→ **PROVIDED RECORDS**:
┄┄┄┄┄┄┄┄┄┄
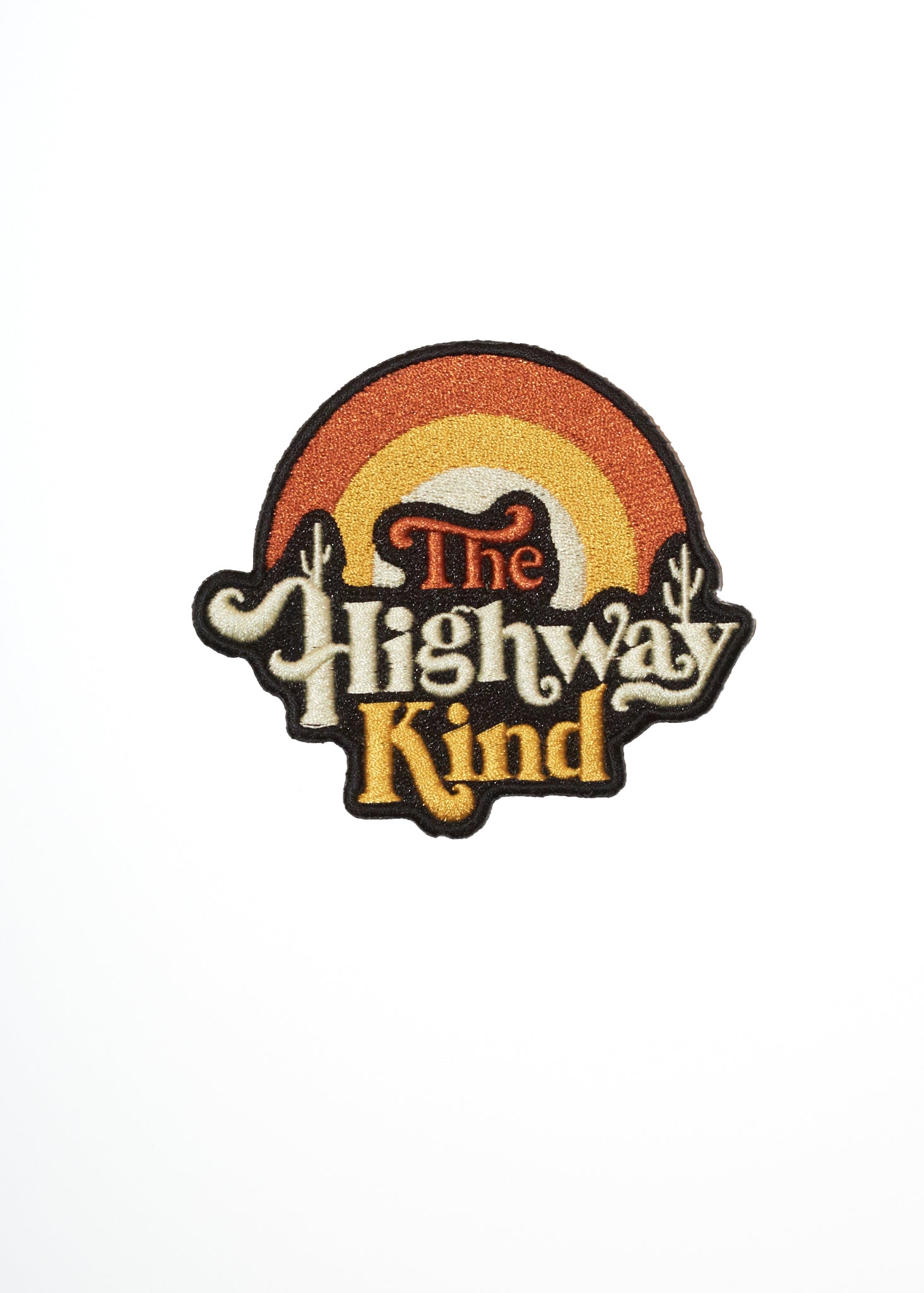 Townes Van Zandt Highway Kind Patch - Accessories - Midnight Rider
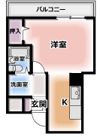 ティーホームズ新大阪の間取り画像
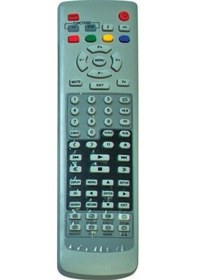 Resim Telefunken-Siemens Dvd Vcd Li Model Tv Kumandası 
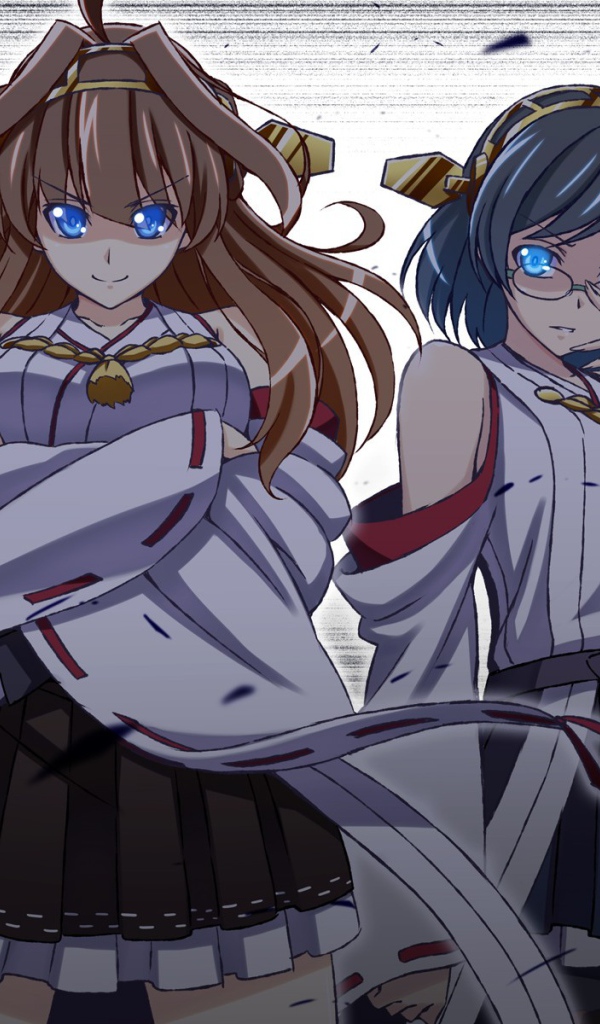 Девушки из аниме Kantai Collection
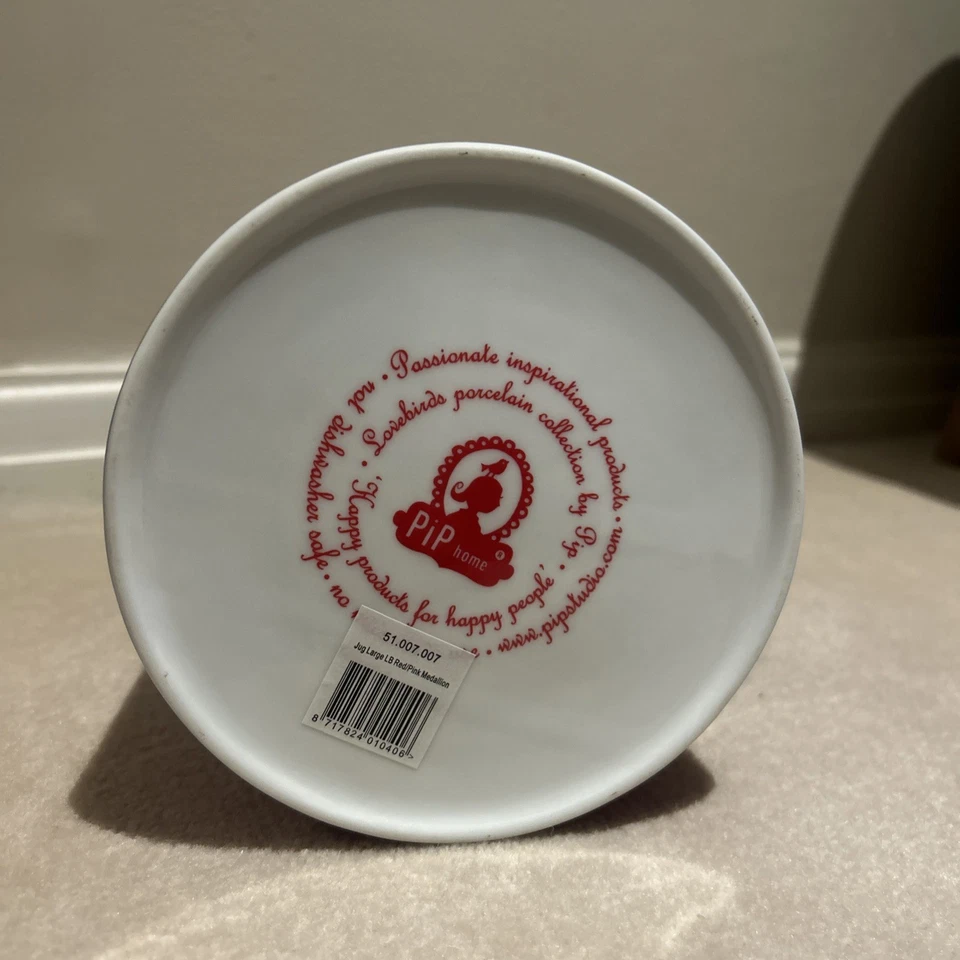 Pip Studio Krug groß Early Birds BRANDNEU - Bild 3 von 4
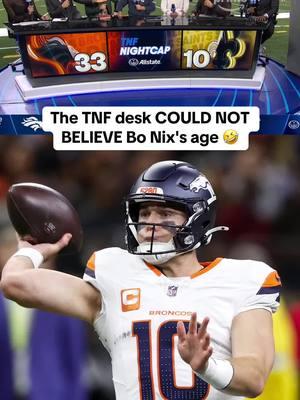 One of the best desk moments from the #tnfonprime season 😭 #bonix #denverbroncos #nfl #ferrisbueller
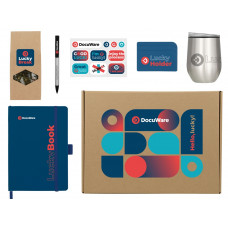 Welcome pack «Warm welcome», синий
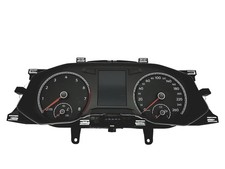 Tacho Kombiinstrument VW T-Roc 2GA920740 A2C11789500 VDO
┄┄┄┄┄┄┄┄┄┄
Omit the pictures, then retype the remaining material without a single change.

→ **FINAL ANSWER**:
 Townes Van Zandt Highway Kind Patch - Accessories - Midnight Rider
 ティーホームズ新大阪の間取り画像
 Resim Telefunken-Siemens Dvd Vcd Li Model Tv Kumandası 
 Девушки из аниме Kantai Collection
 Pip Studio Krug groß Early Birds BRANDNEU - Bild 3 von 4
 One of the best desk moments from the #tnfonprime season 😭 #bonix #denverbroncos #nfl #ferrisbueller
 Welcome pack «Warm welcome», синий
 Tacho Kombiinstrument VW T-Roc 2GA920740 A2C11789500 VDO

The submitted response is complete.